### Supplied material
──────

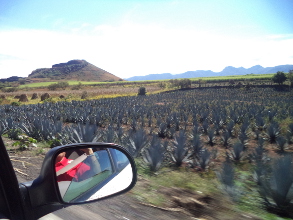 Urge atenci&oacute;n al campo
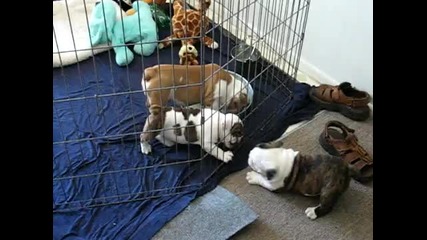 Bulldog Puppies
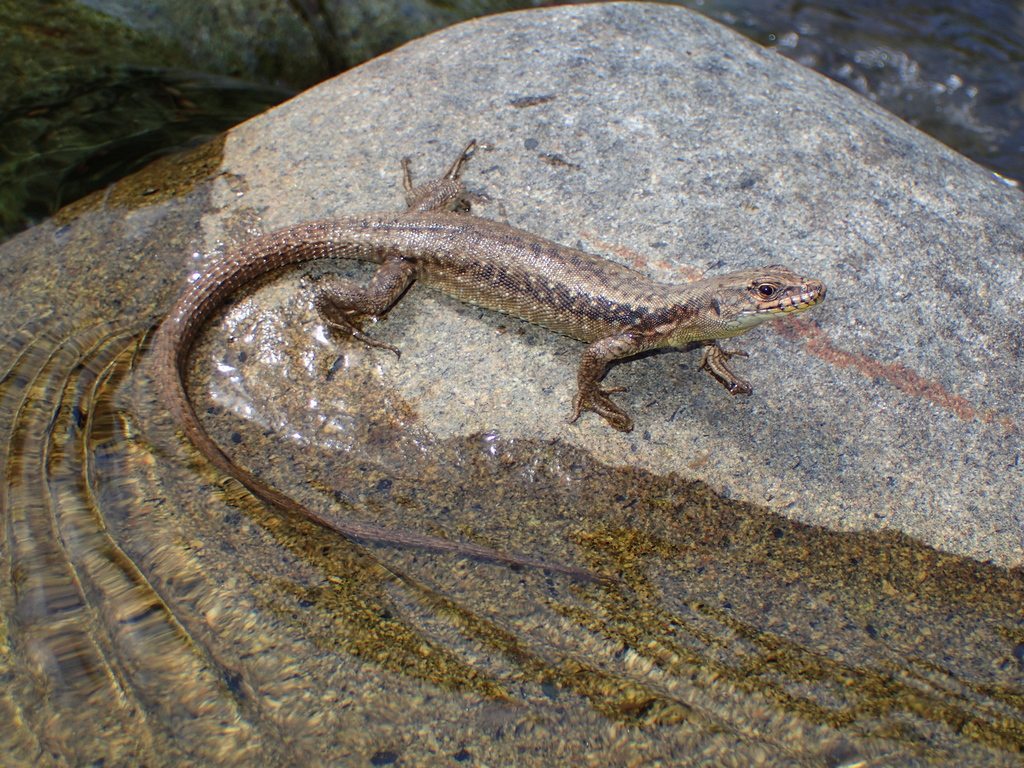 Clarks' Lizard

──────

Would you write out the data exactly, with no pictures in the copy?

### Solution
 Urge atenci&oacute;n al campo
 Bulldog Puppies
 Clarks' Lizard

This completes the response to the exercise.